>>>>

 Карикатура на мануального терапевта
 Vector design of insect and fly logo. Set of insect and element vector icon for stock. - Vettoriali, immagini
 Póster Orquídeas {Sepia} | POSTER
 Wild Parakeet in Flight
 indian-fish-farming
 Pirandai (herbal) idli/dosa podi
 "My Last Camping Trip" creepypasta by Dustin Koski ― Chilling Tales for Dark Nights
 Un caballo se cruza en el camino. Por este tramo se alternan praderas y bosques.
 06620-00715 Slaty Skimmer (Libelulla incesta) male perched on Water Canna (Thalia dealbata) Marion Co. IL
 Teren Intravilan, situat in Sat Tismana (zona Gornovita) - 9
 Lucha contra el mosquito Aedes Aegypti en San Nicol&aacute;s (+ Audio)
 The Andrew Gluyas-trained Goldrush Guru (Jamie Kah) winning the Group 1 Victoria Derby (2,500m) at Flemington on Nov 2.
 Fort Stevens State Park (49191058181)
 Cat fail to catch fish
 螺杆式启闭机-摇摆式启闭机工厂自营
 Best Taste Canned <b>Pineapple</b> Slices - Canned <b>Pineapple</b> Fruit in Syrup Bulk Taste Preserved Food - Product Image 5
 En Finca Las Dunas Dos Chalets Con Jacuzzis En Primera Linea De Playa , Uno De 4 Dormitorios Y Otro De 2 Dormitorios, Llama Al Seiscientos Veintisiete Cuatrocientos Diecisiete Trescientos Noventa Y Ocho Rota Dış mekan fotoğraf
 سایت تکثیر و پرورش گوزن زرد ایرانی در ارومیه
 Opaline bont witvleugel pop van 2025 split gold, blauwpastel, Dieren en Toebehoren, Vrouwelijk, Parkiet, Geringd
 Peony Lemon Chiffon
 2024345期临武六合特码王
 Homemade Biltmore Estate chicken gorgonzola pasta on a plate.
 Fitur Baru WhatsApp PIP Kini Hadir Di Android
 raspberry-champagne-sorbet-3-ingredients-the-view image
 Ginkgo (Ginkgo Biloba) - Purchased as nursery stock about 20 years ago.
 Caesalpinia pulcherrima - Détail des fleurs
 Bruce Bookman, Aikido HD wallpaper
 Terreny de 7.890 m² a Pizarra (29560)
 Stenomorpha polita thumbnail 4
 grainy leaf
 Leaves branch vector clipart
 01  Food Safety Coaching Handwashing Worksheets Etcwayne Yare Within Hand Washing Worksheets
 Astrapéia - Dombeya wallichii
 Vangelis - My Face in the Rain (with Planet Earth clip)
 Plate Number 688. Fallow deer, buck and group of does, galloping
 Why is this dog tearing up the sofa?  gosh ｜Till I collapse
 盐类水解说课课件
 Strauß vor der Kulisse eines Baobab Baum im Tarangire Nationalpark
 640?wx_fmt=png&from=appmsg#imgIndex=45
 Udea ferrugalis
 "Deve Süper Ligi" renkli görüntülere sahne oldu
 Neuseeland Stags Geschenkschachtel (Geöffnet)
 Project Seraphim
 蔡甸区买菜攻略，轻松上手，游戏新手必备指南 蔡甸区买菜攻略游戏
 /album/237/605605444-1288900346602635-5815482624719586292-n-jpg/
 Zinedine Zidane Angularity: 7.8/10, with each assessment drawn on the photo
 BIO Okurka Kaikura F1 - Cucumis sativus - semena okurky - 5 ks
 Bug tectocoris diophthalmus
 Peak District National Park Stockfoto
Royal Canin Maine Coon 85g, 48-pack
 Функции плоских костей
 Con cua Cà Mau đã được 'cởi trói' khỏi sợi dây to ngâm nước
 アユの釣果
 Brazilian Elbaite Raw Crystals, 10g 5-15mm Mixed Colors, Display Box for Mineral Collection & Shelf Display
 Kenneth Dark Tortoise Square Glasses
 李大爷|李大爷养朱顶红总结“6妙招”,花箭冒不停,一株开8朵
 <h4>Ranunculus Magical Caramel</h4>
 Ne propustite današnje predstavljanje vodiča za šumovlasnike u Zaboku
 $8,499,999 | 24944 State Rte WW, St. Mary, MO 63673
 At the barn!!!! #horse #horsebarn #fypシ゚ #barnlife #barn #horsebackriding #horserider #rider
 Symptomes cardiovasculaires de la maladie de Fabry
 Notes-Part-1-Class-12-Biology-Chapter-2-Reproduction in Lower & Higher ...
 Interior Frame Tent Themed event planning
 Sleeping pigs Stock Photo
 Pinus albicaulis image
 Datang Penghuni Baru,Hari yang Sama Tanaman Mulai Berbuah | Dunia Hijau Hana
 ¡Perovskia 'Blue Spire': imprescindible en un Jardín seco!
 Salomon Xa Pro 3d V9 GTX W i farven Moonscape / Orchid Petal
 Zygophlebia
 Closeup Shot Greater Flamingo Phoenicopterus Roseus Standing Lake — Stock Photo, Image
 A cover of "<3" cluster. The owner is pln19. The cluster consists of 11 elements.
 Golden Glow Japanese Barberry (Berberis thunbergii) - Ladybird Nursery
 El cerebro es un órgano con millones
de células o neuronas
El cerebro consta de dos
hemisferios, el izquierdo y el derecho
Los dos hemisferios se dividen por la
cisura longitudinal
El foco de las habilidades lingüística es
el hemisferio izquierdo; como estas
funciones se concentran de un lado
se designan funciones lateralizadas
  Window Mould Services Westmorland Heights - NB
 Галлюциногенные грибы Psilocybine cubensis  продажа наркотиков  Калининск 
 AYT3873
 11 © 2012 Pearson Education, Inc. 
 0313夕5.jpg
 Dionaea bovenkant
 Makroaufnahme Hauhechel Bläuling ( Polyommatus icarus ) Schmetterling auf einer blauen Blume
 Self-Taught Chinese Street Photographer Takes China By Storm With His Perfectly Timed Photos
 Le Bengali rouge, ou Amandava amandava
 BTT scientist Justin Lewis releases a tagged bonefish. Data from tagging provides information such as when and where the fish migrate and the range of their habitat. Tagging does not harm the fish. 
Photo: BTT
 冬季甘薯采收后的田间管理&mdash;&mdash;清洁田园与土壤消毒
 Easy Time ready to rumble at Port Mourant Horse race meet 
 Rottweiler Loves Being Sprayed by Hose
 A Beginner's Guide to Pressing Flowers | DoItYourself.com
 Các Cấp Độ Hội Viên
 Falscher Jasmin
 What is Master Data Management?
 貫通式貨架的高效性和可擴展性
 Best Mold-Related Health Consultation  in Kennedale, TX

<<<<

### Problem statement
Up to and including the line with "Pirandai (herbal) idli/dosa podi", output each line of the entries above exactly, starting from the first.

### Solution
 Карикатура на мануального терапевта
 Vector design of insect and fly logo. Set of insect and element vector icon for stock. - Vettoriali, immagini
 Póster Orquídeas {Sepia} | POSTER
 Wild Parakeet in Flight
 indian-fish-farming
 Pirandai (herbal) idli/dosa podi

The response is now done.